Et cette mise en relation directe entre le spectateur et l'oeuvre induite par la mise en scène de la spatialité a pour effet la « fusion entre l'espace, le dispositif et le visiteur pour pointer la dimension érotique du lieu, au sens ou Bataille définit l'érotisme comme sentiment de communion. Les individus évoluent dans l'espace isolément, nostalgiques d'un temps où ils ne faisaient qu'un avec l'Autre, la mère, le temps d'une continuité perdue97. » Ainsi, la mise en place de cette « dimension érotique du lieu témoigne donc de la volonté de l'artiste d'abolir les distances et la discontinuité entre les objets, les images, les corps parcourant le dispositif98 ». Cette abolition des distances entre les corps, les matières et les images au sein du dispositif de l'installation-projection, dont parle Pascale Weber, nous ramène donc au concept de contamination que j'ai pu développer précédemment. Car la vidéo et les sculptures se contaminent bien entre elles, la théâtralisation de l'espace de l'installation semble également contribuer à brouiller les limites entre les spectateurs et l'oeuvre. Ces derniers, en pénétrant dans l'espace de l'oeuvre sont eux aussi plongés dans la pénombre et partiellement éclairés, leurs corps deviennent support de la projection et arborent soudainement un aspect énigmatique; et déambulant parmi les sculptures, ils participent du spectacle de l'installation, ils deviennent à leur tour des acteurs au sein du dispositif.

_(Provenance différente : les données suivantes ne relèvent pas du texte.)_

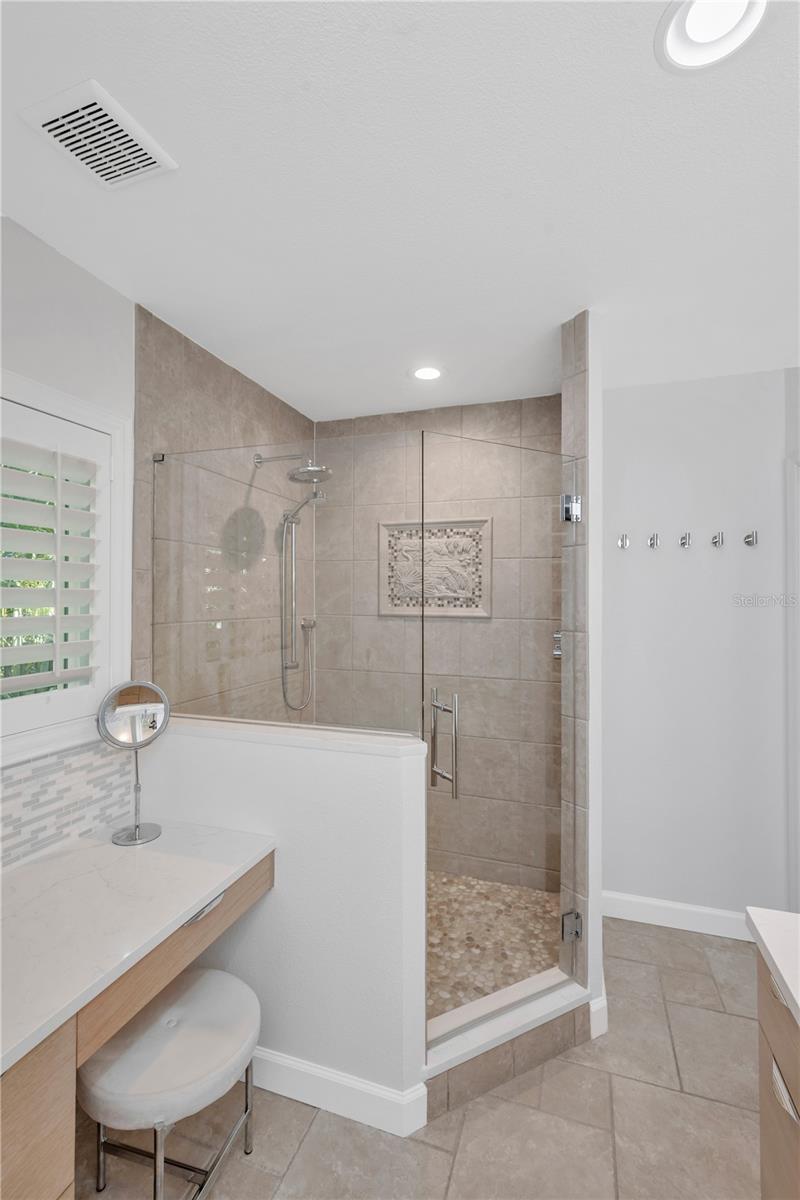 Image 22 of 55 For 1963 Michigan Avenue Ne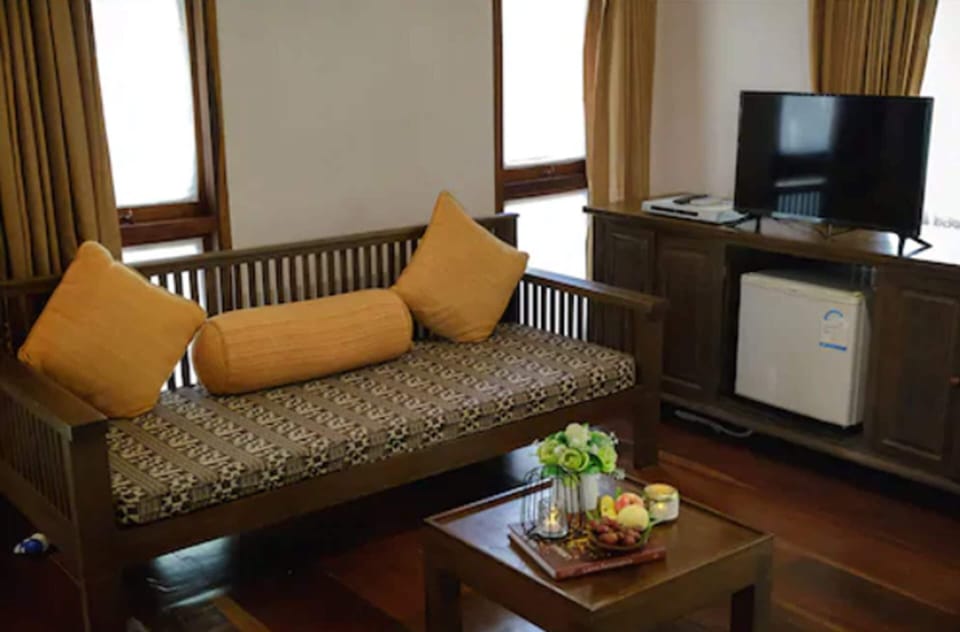 Deluxe Cottage | Minibar, blackout drapes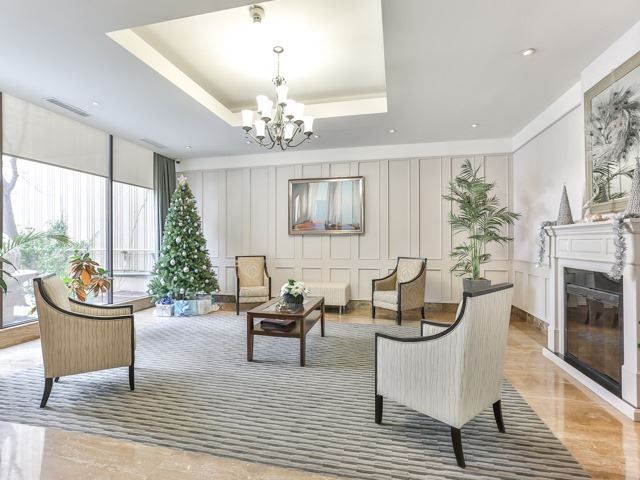 1607 - 1359 White Oaks Blvd, Oakville, L6H2R8 | Image 2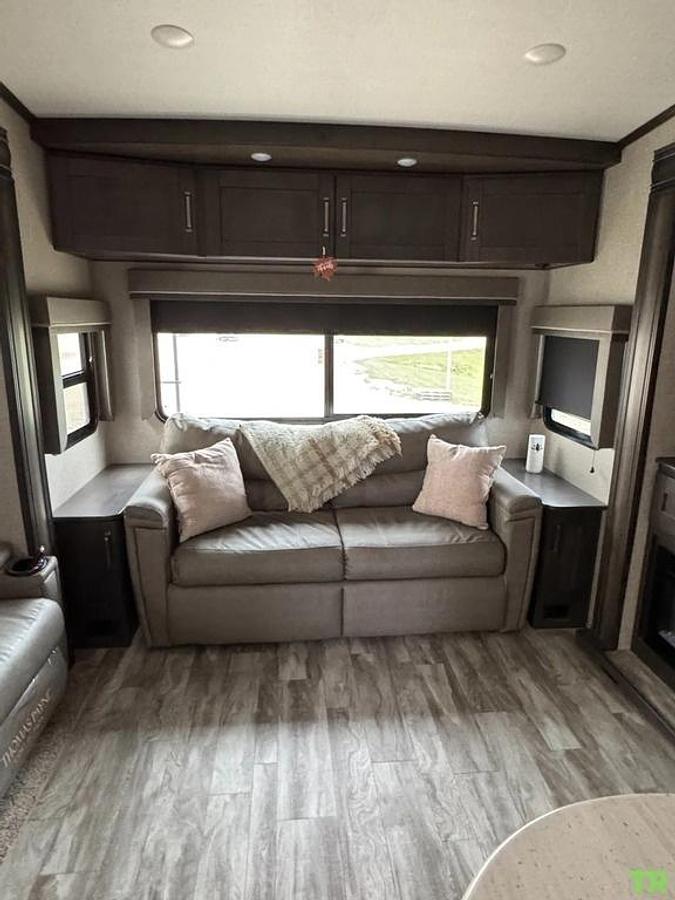 Used 2020 Grand Design Reflection 337RLS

Cette immersion des corps, et la transformation qu'ils subissent en pénétrant dans l'installation, permettent donc la mise en évidence de « l'aspect charnel de l'expérience visuelle : tout le corps du visiteur est sollicité, comme avalé par le dispositif99. »

Et c'est cette aliénation du spectateur dans l'installation-projection qui l'amène à suivre une certaine forme de rituel de passage. L'espace de l'oeuvre devient alors celui d'une auto initiation où le spectateur fait autant l'expérience de l'oeuvre que de son propre corps et ses propres sensations. Et dans cette confrontation quelque peu spectaculaire, le rôle de l'oeuvre semble bien être celui « d'un objet transitionnel qui permet à l' « usager » d'accéder à une connaissance de soi et de ses capacités émotionnelles100. »

L'oeuvre comme « objet transitionnel », c'est-à-dire l'oeuvre comme passerelle entre le spectateur et ce qui l'entoure, le lieu, les autres, la matière, mais aussi passerelle vers un au-delà ; au-delà des lieux tangibles, des corps, des formes et des matières. Cette oeuvre qui rejoue le rituel, qui instaure ses propres codes, ses propres lois, qui modifie notre perception de l'espace, notre rapport au monde ; cette oeuvre là s'inscrit donc bien dans une nouvelle recherche du tabou, et bien loin des idoles creuses, elle nous pousse à chercher le sacré dans la matière, la transcendance dans l'ignoble, la pureté dans l'altérité.

96 Pascale Weber, Le corps à l'épreuve de l'installation-projection, op. cit., p.115.

97 Ibid, p.23.

98 Ibid.

99 Ibid.

100 Françoise Parfait, Vidéo : un art contemporain, op. cit., p.168.